▶ [Required action]: Beginning with the line that contains "Dacia Sandero Stepway - Afbeelding 13 van 30", copy each subsequent line of the data below through the last one, including both ends but not the pictures.

▶ [Exercise material]:
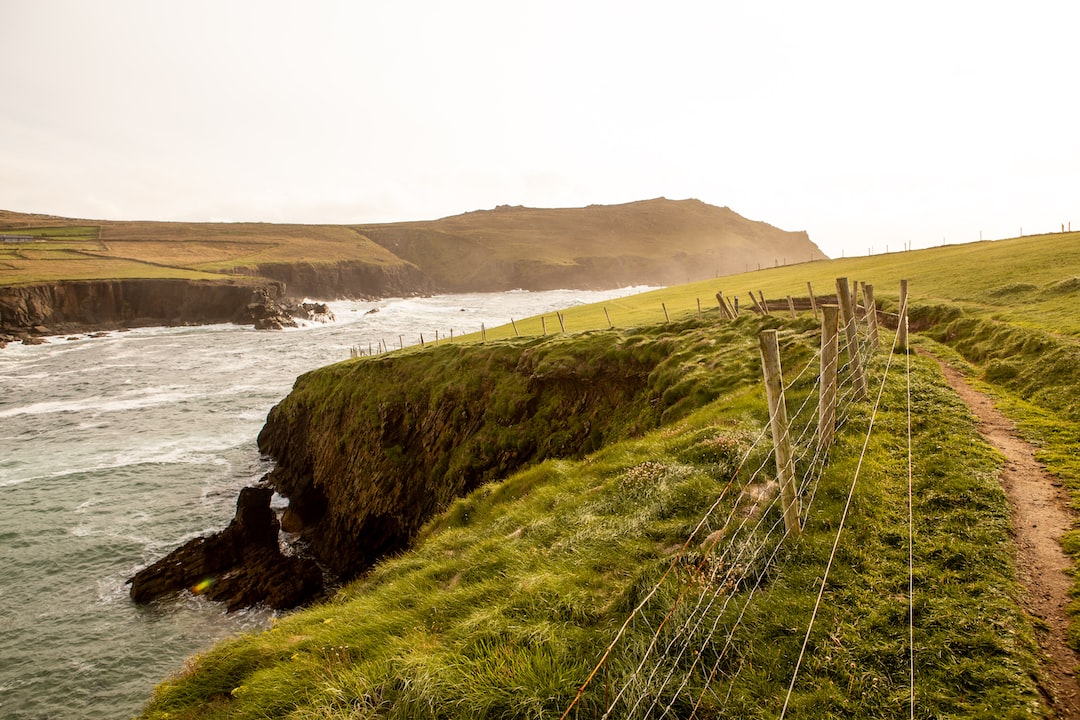 Hospitality exchange in Dingle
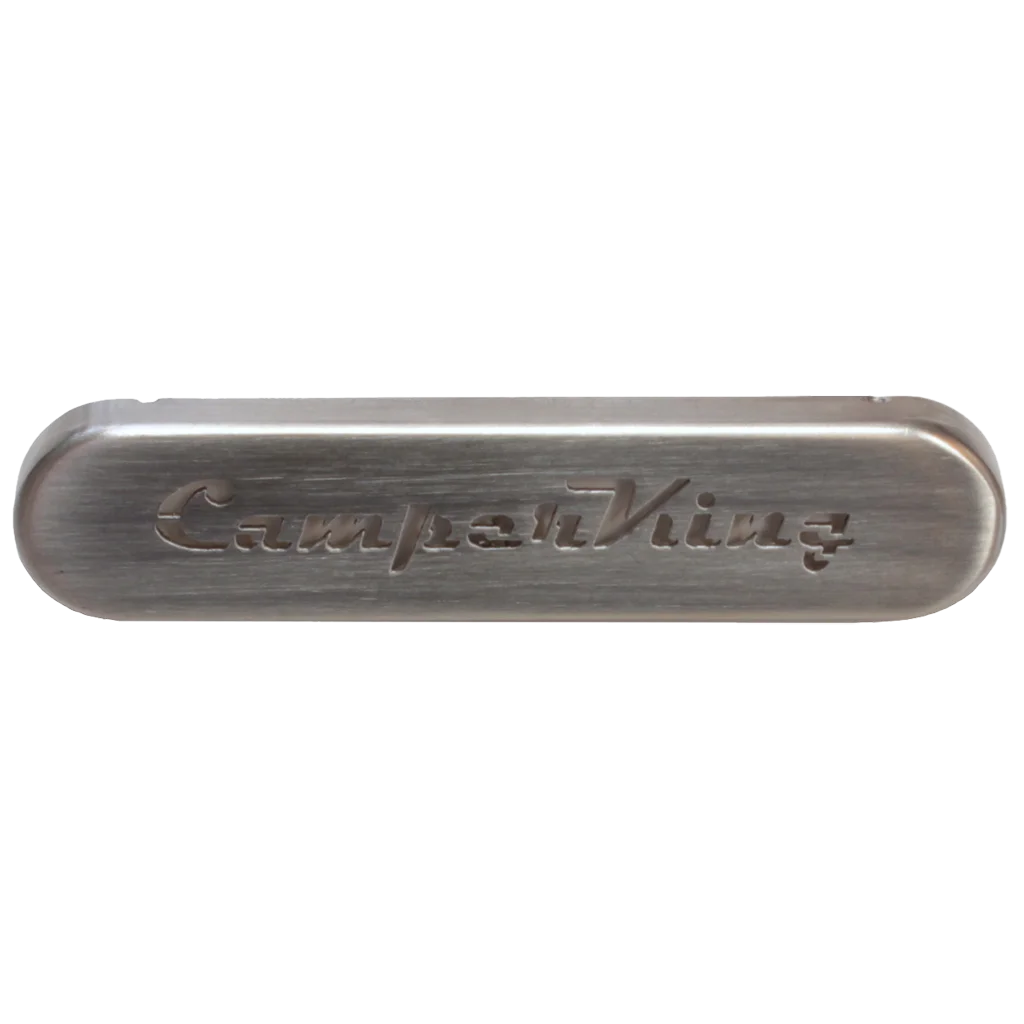 Dimatec Camperking Step light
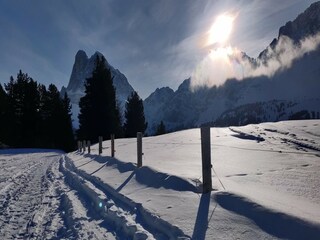 Apartment Villnöss Umgebung 26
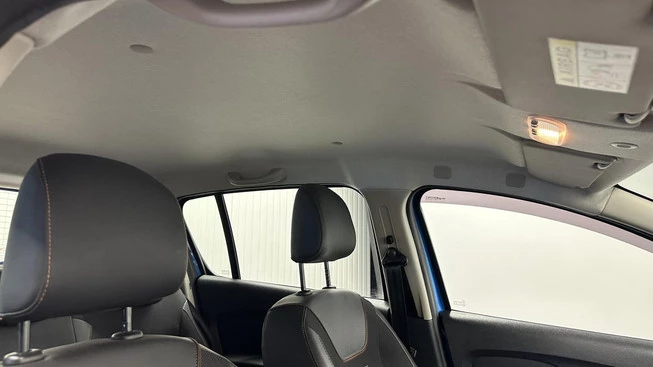 Dacia Sandero Stepway - Afbeelding 13 van 30
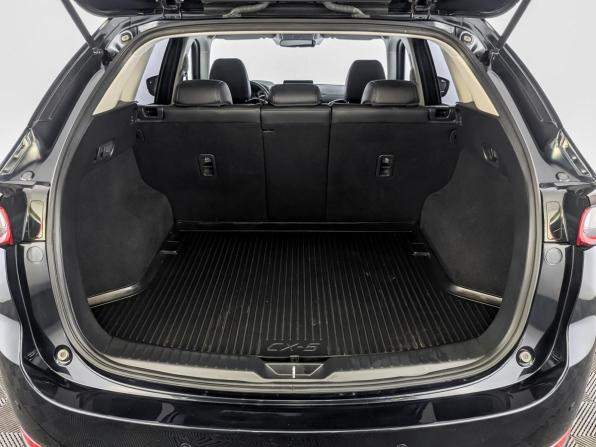 Mazda CX-5 II с пробегом 2021 года, цена 3 620 000 рублей, 28350 км, внедорожник, Автокод Объявления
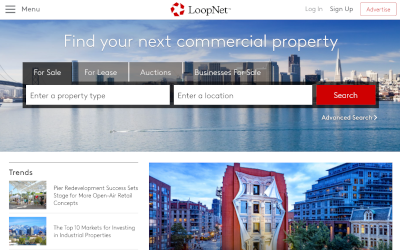 Loopnet.com
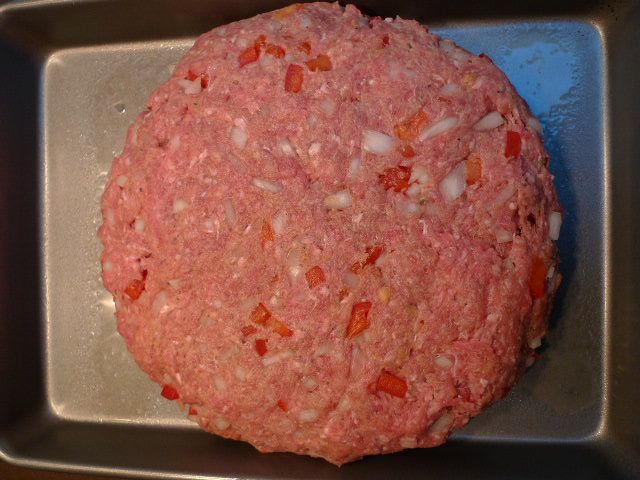 meatloaf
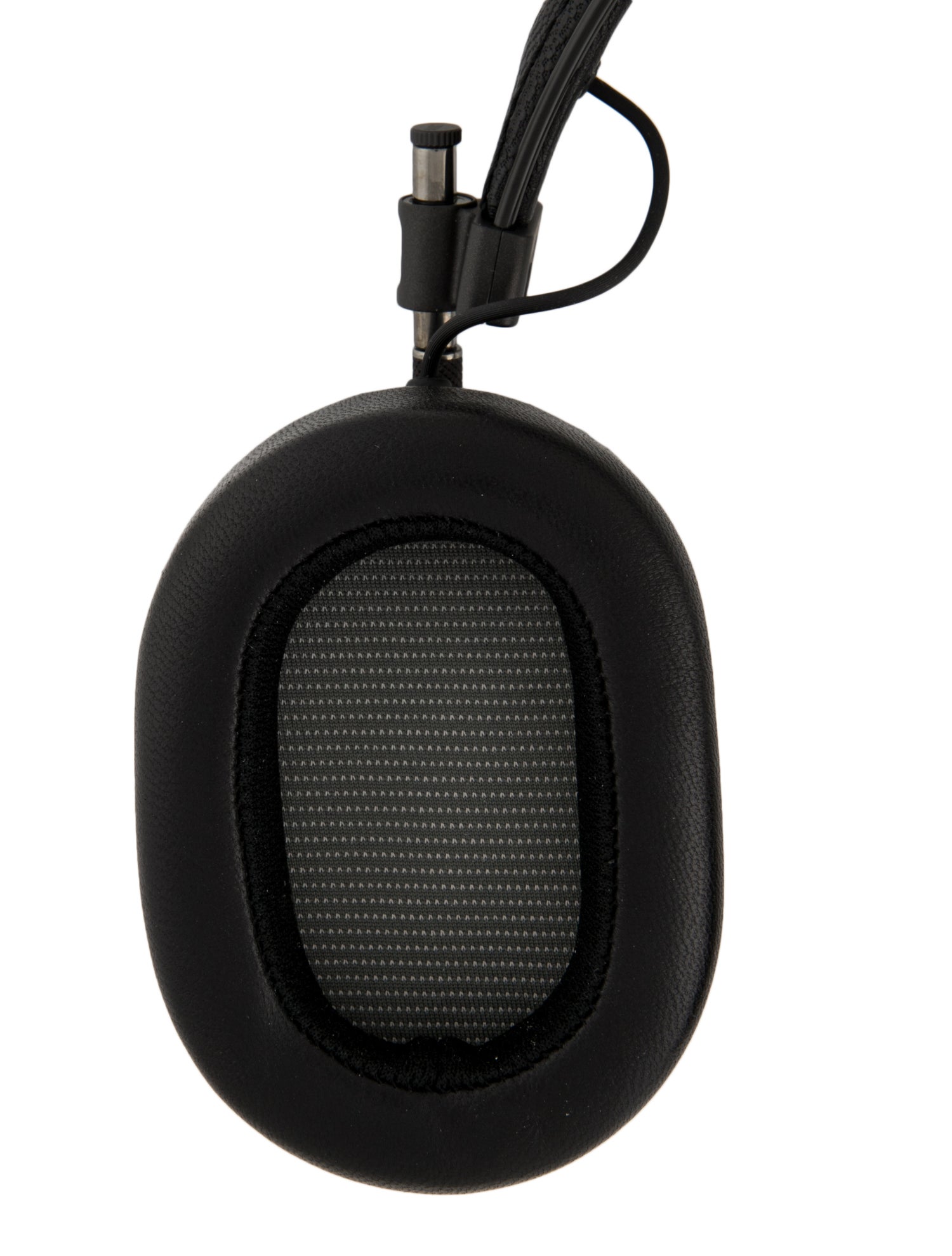 Master & Dynamic MH40 Leather Over-Ear Wireless Headphones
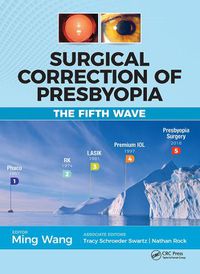 Cover image for Surgical Correction of Presbyopia: The Fifth Wave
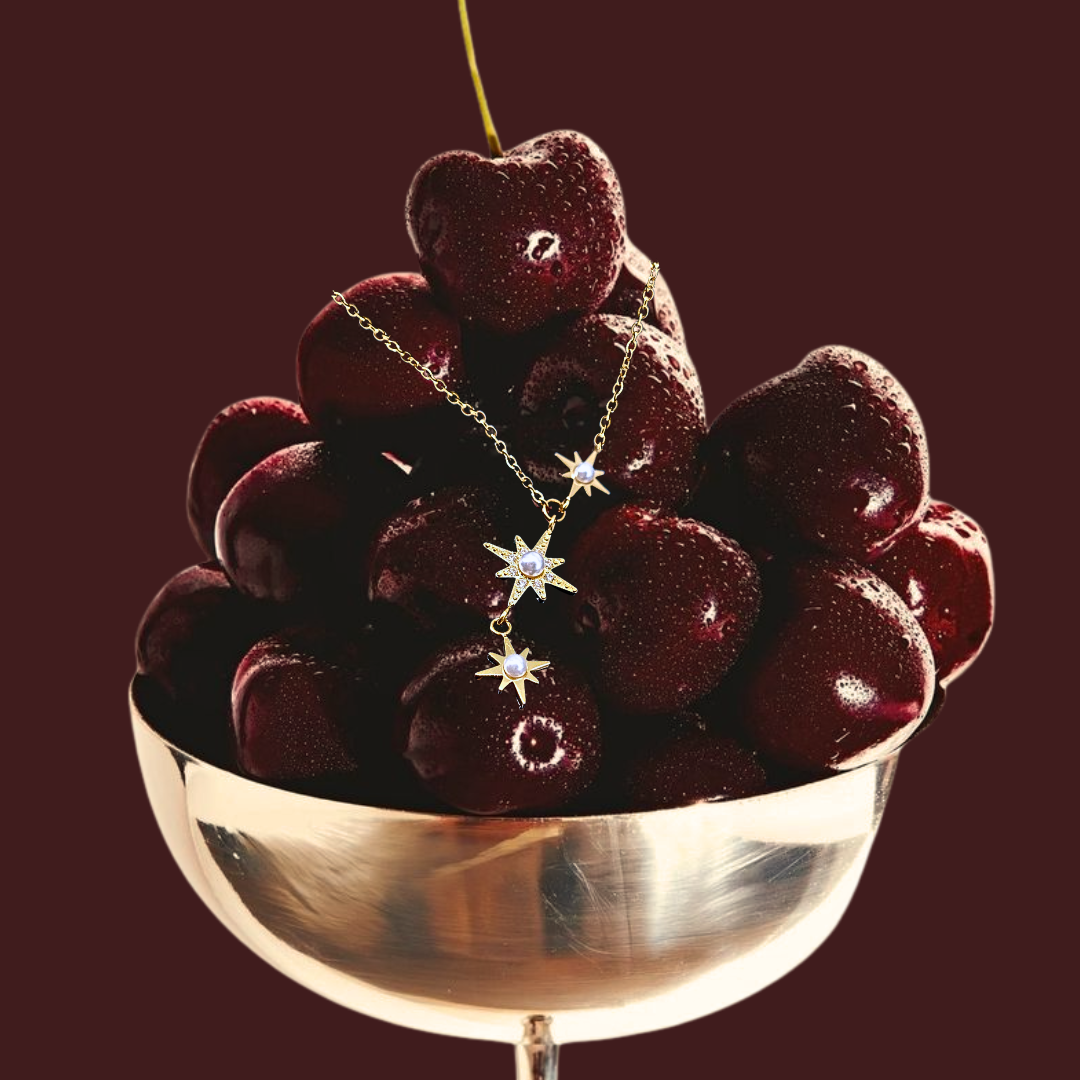 collier tirnité Gémeaux Maroc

▶ [Problem solution]:
 Dacia Sandero Stepway - Afbeelding 13 van 30
 Mazda CX-5 II с пробегом 2021 года, цена 3 620 000 рублей, 28350 км, внедорожник, Автокод Объявления
 Loopnet.com
 meatloaf
 Master & Dynamic MH40 Leather Over-Ear Wireless Headphones
 Cover image for Surgical Correction of Presbyopia: The Fifth Wave
 collier tirnité Gémeaux Maroc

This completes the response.